-- EXERCISE DATA follows --

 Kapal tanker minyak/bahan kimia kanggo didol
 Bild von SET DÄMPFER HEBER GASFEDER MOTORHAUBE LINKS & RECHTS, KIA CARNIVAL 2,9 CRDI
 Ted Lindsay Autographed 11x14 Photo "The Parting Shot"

-- EXERCISE DATA concluded --

**WHAT TO PRODUCE**
The listing above is to be written out again word for word.

**ANSWER BOX**
 Kapal tanker minyak/bahan kimia kanggo didol
 Bild von SET DÄMPFER HEBER GASFEDER MOTORHAUBE LINKS & RECHTS, KIA CARNIVAL 2,9 CRDI
 Ted Lindsay Autographed 11x14 Photo "The Parting Shot"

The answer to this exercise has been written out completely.